- WORK TASK: Write the listing out again word for word. Pictures do not belong in the copy.

════

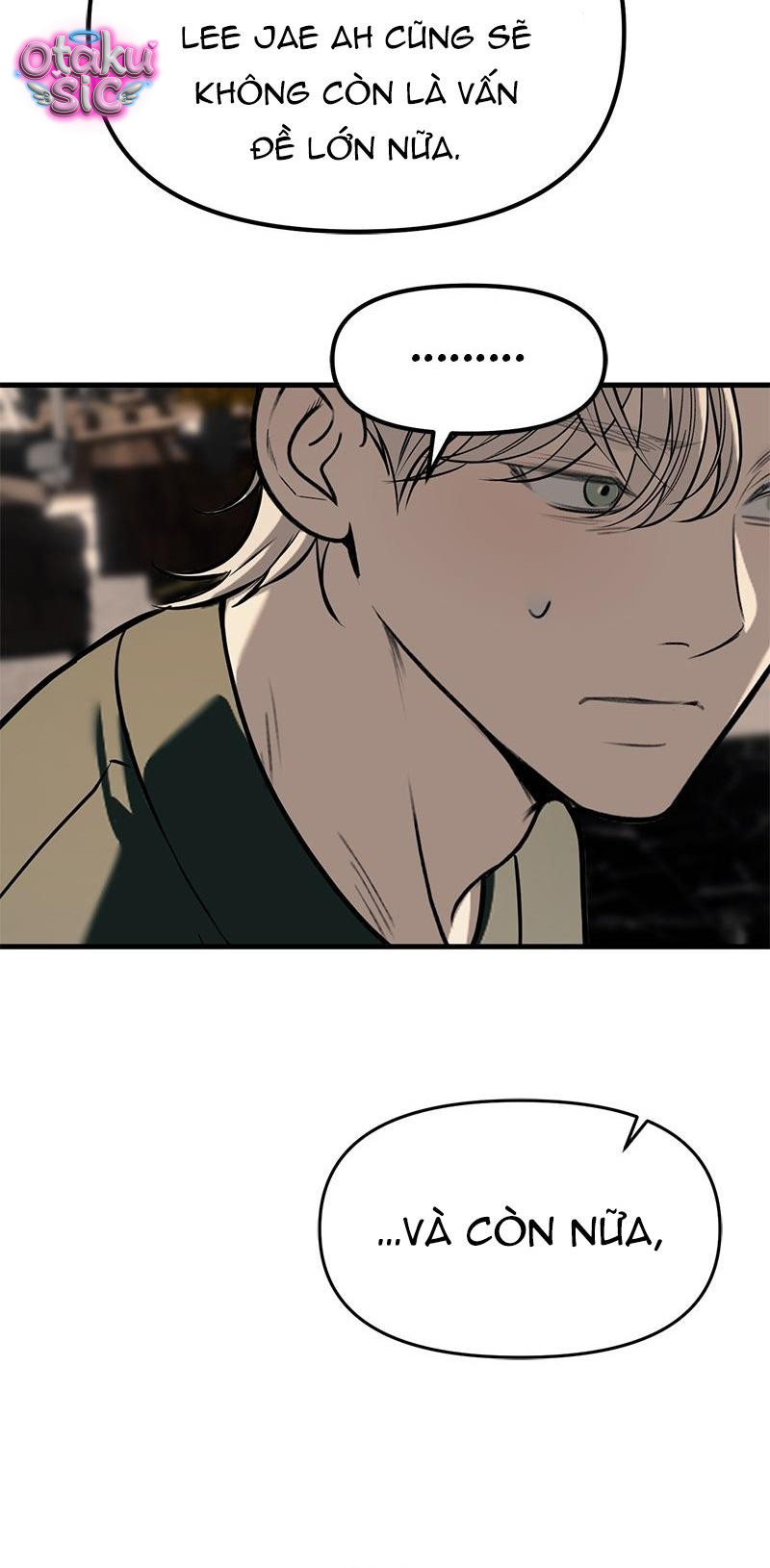 Xâm Nhập Vào Trường Trung Học Tài Phiệt! - Chap 94 - Trang 125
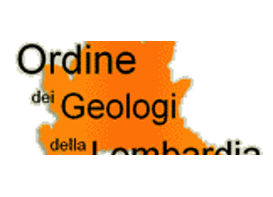 c042d2cd-74c2-4302-8030-6d0f54080b7e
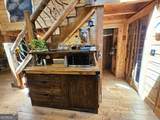456 Bull Frog Lane - Photo 13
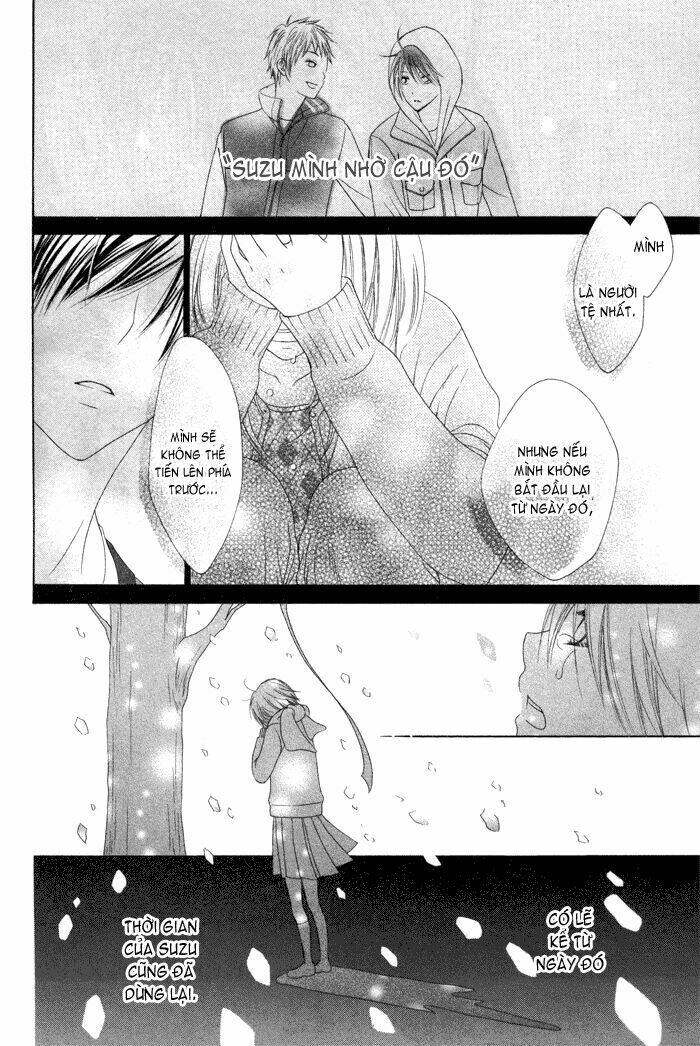 tổng hợp one shot. chapter 362 38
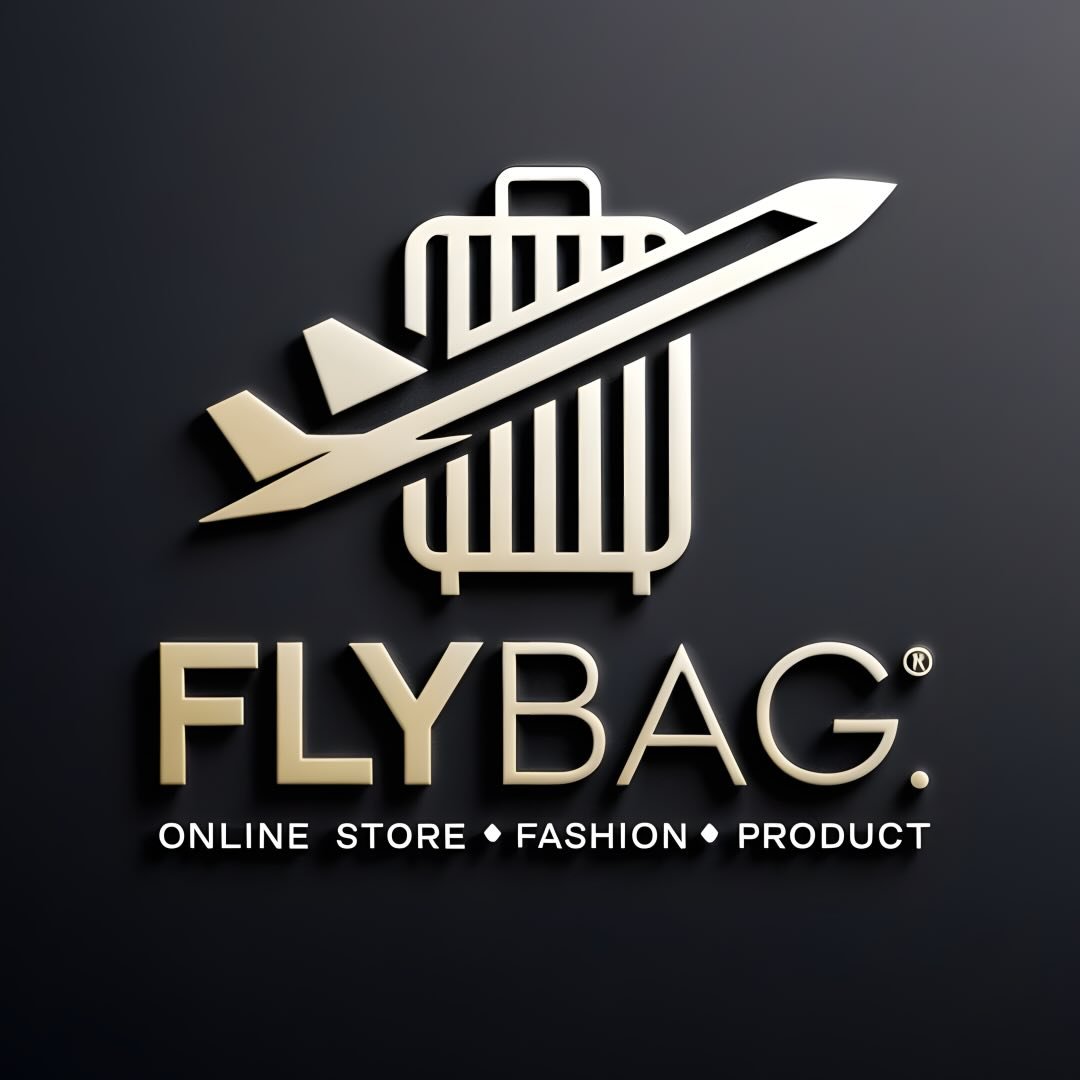 Flybag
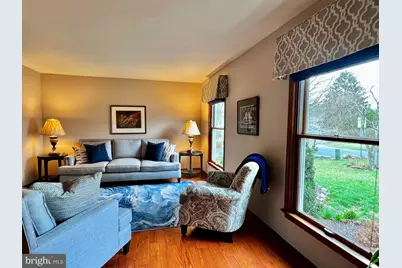 50 Fairway Drive, Camp Hill, PA 17011 - Photo 19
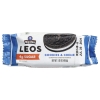 Rip Van Wafels, Leos, печенье с бутербродом и кремом, печенье и крем, 4 упаковки по 48 г (1,69 унции) (Товар снят с продажи) 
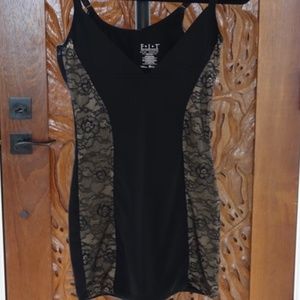 Victorias Secret shape wear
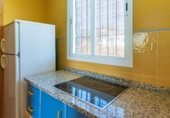 Finca rústica en venta en la Paraje Los Milanos, Calañas, ref: TR360480 foto
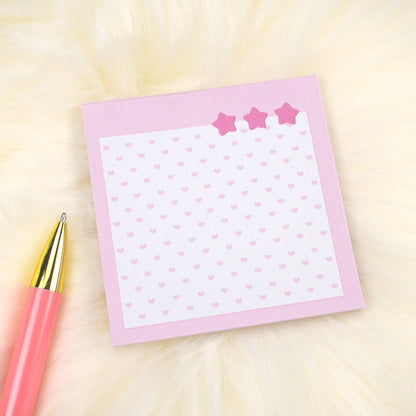 Notepad
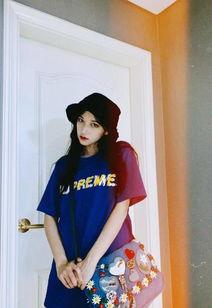 明星吃瓜视频程潇,明星幕后趣事大揭秘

════

- OUTPUT:
 Xâm Nhập Vào Trường Trung Học Tài Phiệt! - Chap 94 - Trang 125
 c042d2cd-74c2-4302-8030-6d0f54080b7e
456 Bull Frog Lane - Photo 13
 tổng hợp one shot. chapter 362 38
 Flybag
 50 Fairway Drive, Camp Hill, PA 17011 - Photo 19
 Rip Van Wafels, Leos, печенье с бутербродом и кремом, печенье и крем, 4 упаковки по 48 г (1,69 унции) (Товар снят с продажи) 
 Victorias Secret shape wear
 Finca rústica en venta en la Paraje Los Milanos, Calañas, ref: TR360480 foto
 Notepad
 明星吃瓜视频程潇,明星幕后趣事大揭秘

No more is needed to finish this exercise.